GIVEN DATA:
┌────────

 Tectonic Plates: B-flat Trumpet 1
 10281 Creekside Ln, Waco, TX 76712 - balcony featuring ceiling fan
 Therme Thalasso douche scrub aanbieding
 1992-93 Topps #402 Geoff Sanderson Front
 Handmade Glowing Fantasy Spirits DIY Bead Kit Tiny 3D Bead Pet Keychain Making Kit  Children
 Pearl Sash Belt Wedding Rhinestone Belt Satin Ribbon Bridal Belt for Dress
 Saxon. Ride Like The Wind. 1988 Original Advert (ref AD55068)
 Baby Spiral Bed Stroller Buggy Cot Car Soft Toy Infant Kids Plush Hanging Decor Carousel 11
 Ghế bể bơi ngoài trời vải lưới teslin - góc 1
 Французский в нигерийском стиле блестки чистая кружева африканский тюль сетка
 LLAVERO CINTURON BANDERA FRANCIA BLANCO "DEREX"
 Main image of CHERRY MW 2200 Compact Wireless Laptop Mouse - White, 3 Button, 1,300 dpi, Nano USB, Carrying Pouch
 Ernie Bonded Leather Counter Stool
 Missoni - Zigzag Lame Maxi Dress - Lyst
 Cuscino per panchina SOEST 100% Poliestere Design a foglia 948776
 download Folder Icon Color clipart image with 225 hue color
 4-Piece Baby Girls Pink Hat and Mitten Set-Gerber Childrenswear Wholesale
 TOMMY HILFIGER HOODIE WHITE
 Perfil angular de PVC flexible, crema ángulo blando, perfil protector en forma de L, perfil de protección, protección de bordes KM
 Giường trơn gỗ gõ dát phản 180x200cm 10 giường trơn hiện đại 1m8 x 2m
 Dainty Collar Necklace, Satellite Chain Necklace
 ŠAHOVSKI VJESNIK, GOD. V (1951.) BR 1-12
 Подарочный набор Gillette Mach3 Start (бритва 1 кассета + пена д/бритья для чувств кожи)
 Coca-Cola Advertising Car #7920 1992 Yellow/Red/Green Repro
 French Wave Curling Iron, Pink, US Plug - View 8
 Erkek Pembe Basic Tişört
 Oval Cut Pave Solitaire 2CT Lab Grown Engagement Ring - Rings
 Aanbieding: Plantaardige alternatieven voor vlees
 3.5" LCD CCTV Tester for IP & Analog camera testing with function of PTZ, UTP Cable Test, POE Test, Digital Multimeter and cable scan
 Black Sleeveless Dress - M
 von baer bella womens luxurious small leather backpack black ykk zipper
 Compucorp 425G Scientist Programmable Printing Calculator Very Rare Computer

└────────

INSTRUCTIONS TO FOLLOW: Reproduce exactly, and only, the lines from the start of the entries through the one that contains "Handmade Glowing Fantasy".

YOUR RESPONSE:
 Tectonic Plates: B-flat Trumpet 1
 10281 Creekside Ln, Waco, TX 76712 - balcony featuring ceiling fan
 Therme Thalasso douche scrub aanbieding
 1992-93 Topps #402 Geoff Sanderson Front
 Handmade Glowing Fantasy Spirits DIY Bead Kit Tiny 3D Bead Pet Keychain Making Kit  Children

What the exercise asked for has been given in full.